MongoDB Monitoring Best Practices

Introduction

Effective monitoring is a critical component of managing any production MongoDB deployment. Without proper monitoring, you might miss performance degradation, resource constraints, or potential failures until they affect your application users. This guide covers essential MongoDB monitoring best practices to help you maintain healthy, performant databases and respond proactively to issues before they become critical.

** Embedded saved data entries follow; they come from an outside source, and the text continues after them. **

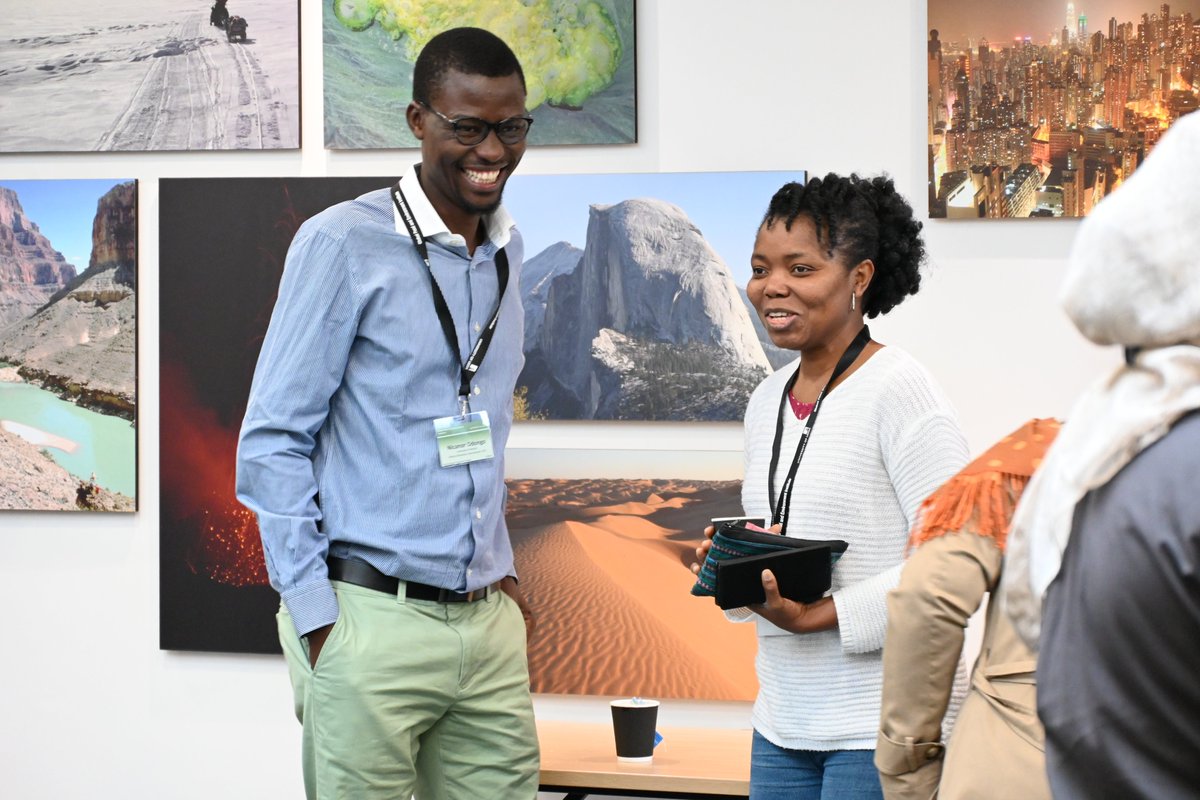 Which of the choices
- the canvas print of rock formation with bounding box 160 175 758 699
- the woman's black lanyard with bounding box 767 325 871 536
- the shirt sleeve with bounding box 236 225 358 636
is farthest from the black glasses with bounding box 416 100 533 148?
the canvas print of rock formation with bounding box 160 175 758 699

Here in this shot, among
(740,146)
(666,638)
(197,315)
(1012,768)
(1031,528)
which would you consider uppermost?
(740,146)

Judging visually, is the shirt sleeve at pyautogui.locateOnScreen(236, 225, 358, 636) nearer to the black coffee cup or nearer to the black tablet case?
the black tablet case

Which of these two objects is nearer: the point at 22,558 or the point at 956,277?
the point at 956,277

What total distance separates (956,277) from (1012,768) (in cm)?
200

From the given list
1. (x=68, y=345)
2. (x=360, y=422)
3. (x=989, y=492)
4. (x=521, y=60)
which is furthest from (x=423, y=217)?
(x=68, y=345)

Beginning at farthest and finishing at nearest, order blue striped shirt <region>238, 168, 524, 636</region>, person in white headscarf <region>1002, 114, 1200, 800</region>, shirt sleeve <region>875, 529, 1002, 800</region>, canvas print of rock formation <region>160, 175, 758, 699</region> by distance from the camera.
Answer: canvas print of rock formation <region>160, 175, 758, 699</region> < blue striped shirt <region>238, 168, 524, 636</region> < shirt sleeve <region>875, 529, 1002, 800</region> < person in white headscarf <region>1002, 114, 1200, 800</region>

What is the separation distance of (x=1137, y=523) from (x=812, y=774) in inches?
51.4

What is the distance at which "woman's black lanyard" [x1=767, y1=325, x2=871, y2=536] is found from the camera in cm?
200

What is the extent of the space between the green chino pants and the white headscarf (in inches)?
58.4

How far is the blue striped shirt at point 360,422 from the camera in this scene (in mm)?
2105

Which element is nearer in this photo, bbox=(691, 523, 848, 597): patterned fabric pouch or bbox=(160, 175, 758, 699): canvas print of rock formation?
bbox=(691, 523, 848, 597): patterned fabric pouch

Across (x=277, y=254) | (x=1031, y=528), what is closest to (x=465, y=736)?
(x=1031, y=528)

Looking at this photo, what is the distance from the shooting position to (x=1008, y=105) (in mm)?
3229

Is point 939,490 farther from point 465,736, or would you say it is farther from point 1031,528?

Monitoring MongoDB involves tracking various metrics related to:

Database performance
Resource utilization
Replication health
Query performance
Security and access patterns
Storage capacity and utilization

By the end of this guide, you'll understand which metrics matter most, how to set up effective monitoring, and how to interpret the collected data to make informed decisions about your MongoDB deployments.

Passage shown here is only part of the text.